Learn to recognize the most common weeds in your area. Some weeds need to be pulled out by hand, especially those that are small and growing near your plants. Weed when the soil is damp so that they are easier to pull out. If you are in a hurry, scrape the weeds off at the surface and move on. This will slow them down enough for your plants to hopefully dominate.

Garden tools hanging on the wall inside a greenhouse.
Garden tools hanging on the wall inside a greenhouse.

Some types of weeds may need more serious attention. A natural solution to get rid of weeds is to spray them with vinegar on a hot day. You can also use mulch to help prevent weeds from growing in your garden. Don't get discouraged with weeding. There really is no end, it is a constant of gardening. Every time you weed you are pushing the weeds back. You are always deciding how far to push those weeds back. Weeding is a battle but persistence will win the war.

Start composting

Using compost is a great way to fertilize your plants. You can also use compost to improve the composition of the soil in your garden. By adjusting the amount of greens and browns that you add to your compost pile you can get just the right balance. Think about adding bark and other chunky organic material to add more fluffiness if your soil is very dense. You can also add in some sand to help with drainage. Composting can be a great way to recycle your kitchen scraps and other organic materials.

You can create a compost pile in your garden or you can use a compost bin. A compost bin is a great way to keep your compost pile out of sight. There are many different methods of composting, so find one that you like and get started.

Tip #9 - Know When to Harvest

Learn about the different plants that you are growing and when to harvest them. Make sure that you know what the plants look like when they are ready to be harvested.

Our harvest, picked in the morning.
Our harvest, picked in the morning.

The time of day that you choose to harvest can be important. Most vegetables should be picked in the morning. Since they are crisp and cool in the morning, they will store better in the refrigerator. Lettuce should be harvested while it is still damp, from morning dew. Other vegetables, like peas, beans, squash, and melons, should be harvested after the drops of dew have evaporated.
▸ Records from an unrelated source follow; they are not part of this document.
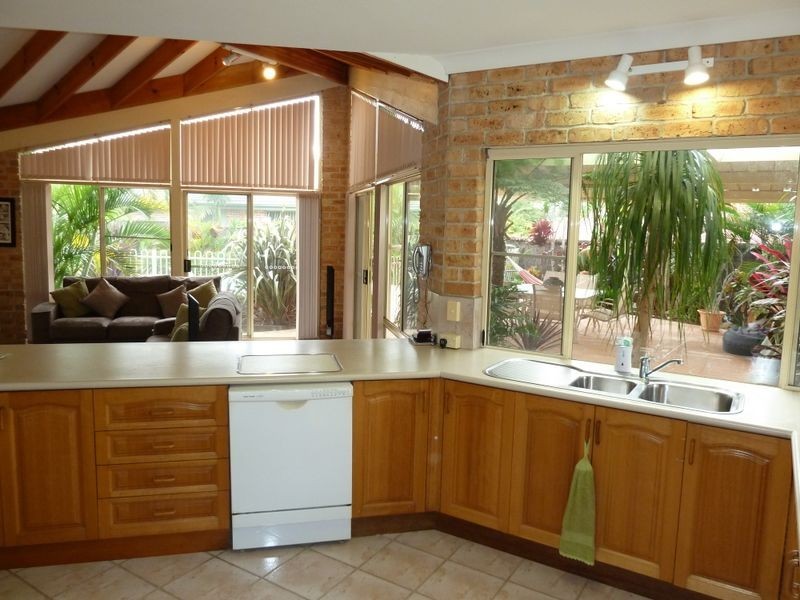 11 Greenview Close, Forster NSW 2428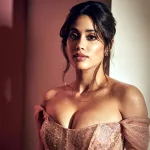 ১৫-এ ছবি বিকৃত হয়ে ছড়িয়ে পড়ে, আজও মনে রয়ে গেছে আঘাত: জাহ্নবী কপূরের ভয়াবহ অভিজ্ঞতা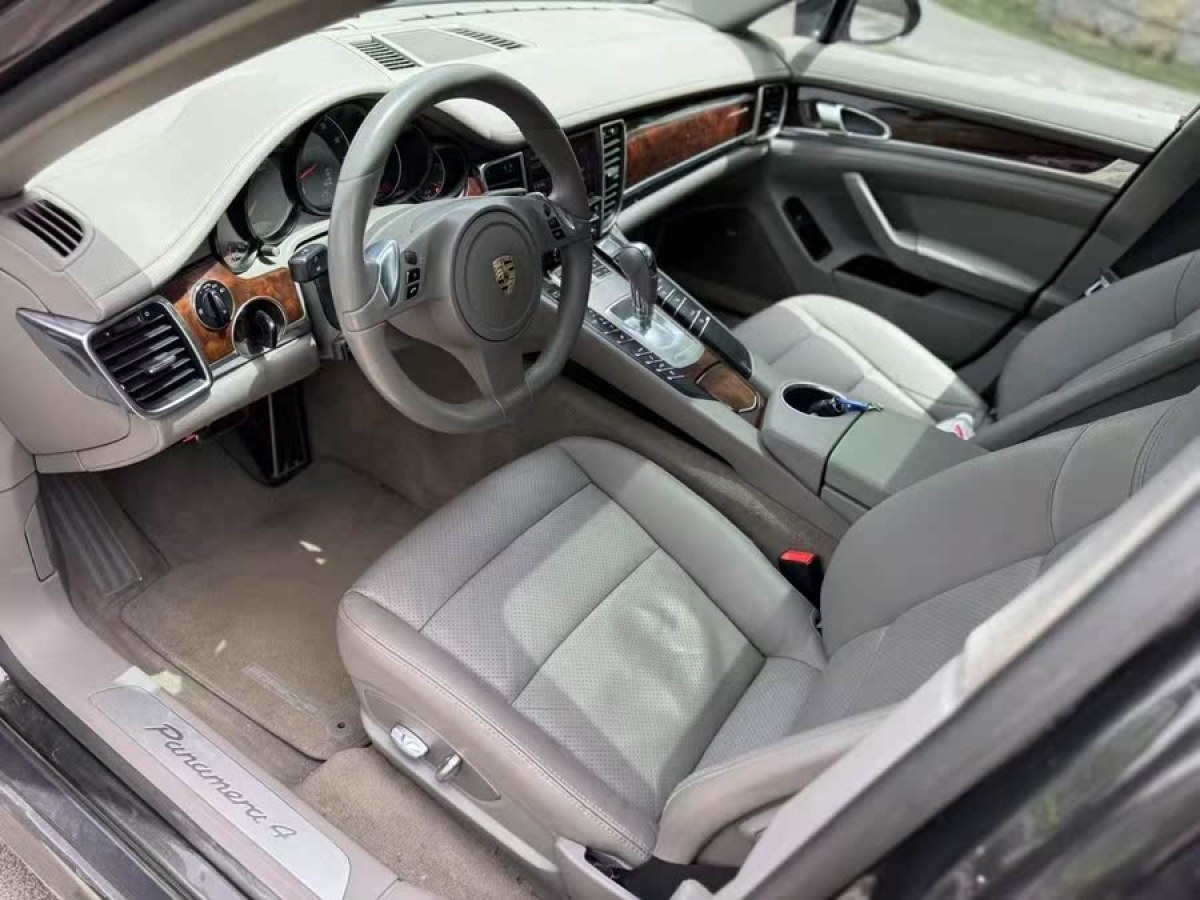 保時(shí)捷 Panamera  2013款 Panamera 4 Platinum Edition 3.6L圖片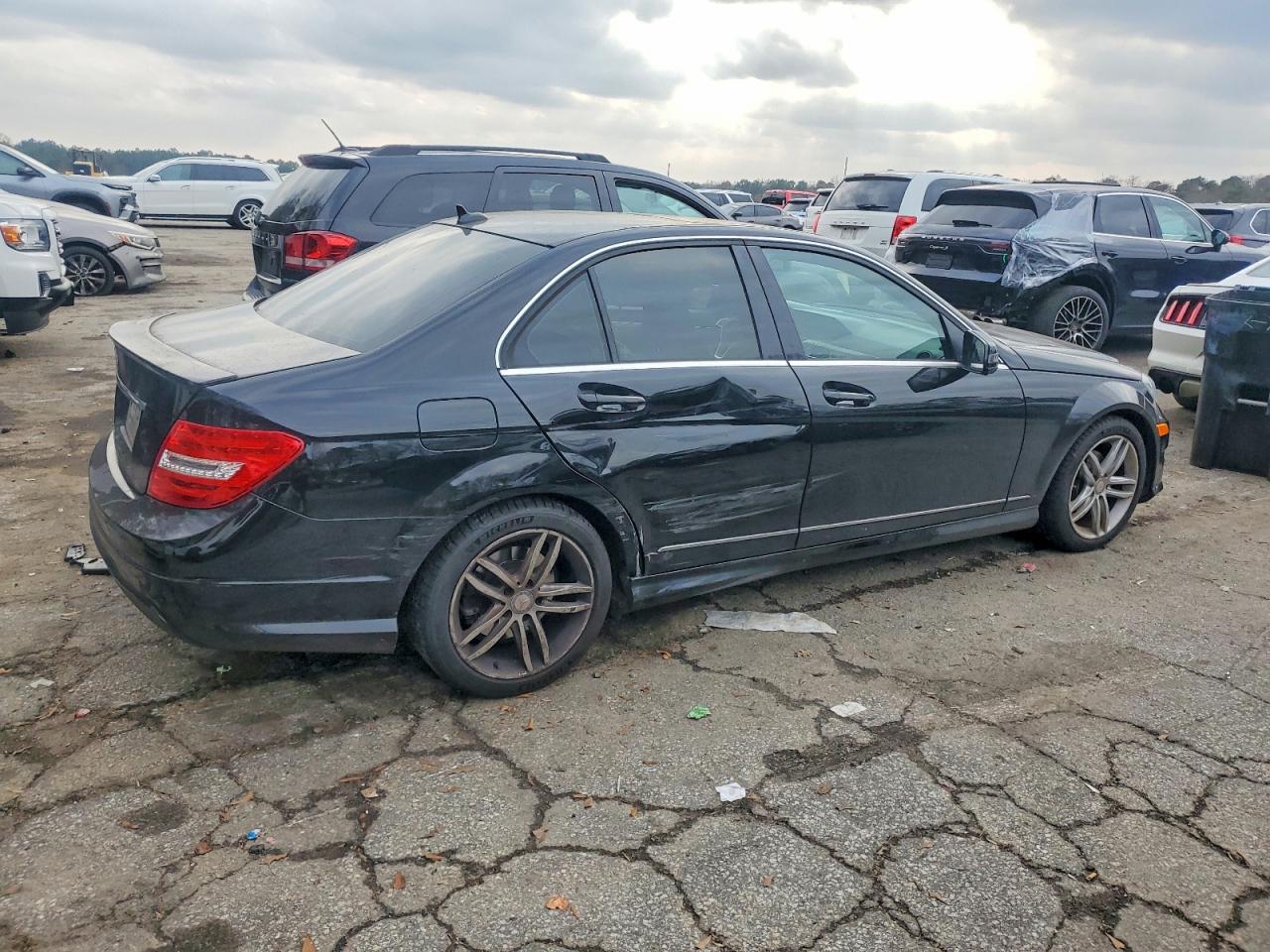 2014 MERCEDES-BENZ C 250 photo 3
Tip #10 - Keep a Garden Journal

Keep a journal with notes about your gardening experiences. You can record the dates for seed starting and write down how many of each type of plant to grow.

Each year in the garden is always a little different. By recording the ideas that worked well and taking notes about the things that you want to avoid doing in the future, you can make your garden better each year.

Some years you may be comparing two varieties of the same plant to see which one grows the best or which one you like better. You may be trying a plant in a new location or trying different watering techniques. You can record the results of all your experiments in your garden journal.

Woman writing in her journal while sitting in a garden.
Woman writing in her journal while sitting in a garden.

It can be helpful to make a note of the weather conditions during a growing season. Some years you may get an early spring and other years you may get a very late spring. Take notes about heavy rainfall and times when you have to deal with drought. You can record all of this in your garden journal to refer to in the future.

The Goal of Gardening

Remember that the goal of gardening should be to enjoy the time that you are spending in your garden. Always try a few new experiments each year to keep gardening interesting and fun. You will learn new things and get to try out new ideas. Changing up your routine can help you enjoy the time that you are spending in the garden.

Harvesting lettuce and spinach.
Harvesting lettuce and spinach.

Reduce the number of things that you hate doing in the garden so that you can focus on the fun parts. If you can automate the task of watering your plants, you will be able to spend more time tending to them. Do your tasks a little at a time. By pulling a few weeds here and there you will be able to keep up with them and can avoid having the giant task of weeding the garden all at once.

Have fun with it. If you are having fun, then you are more likely to keep at it and to be successful.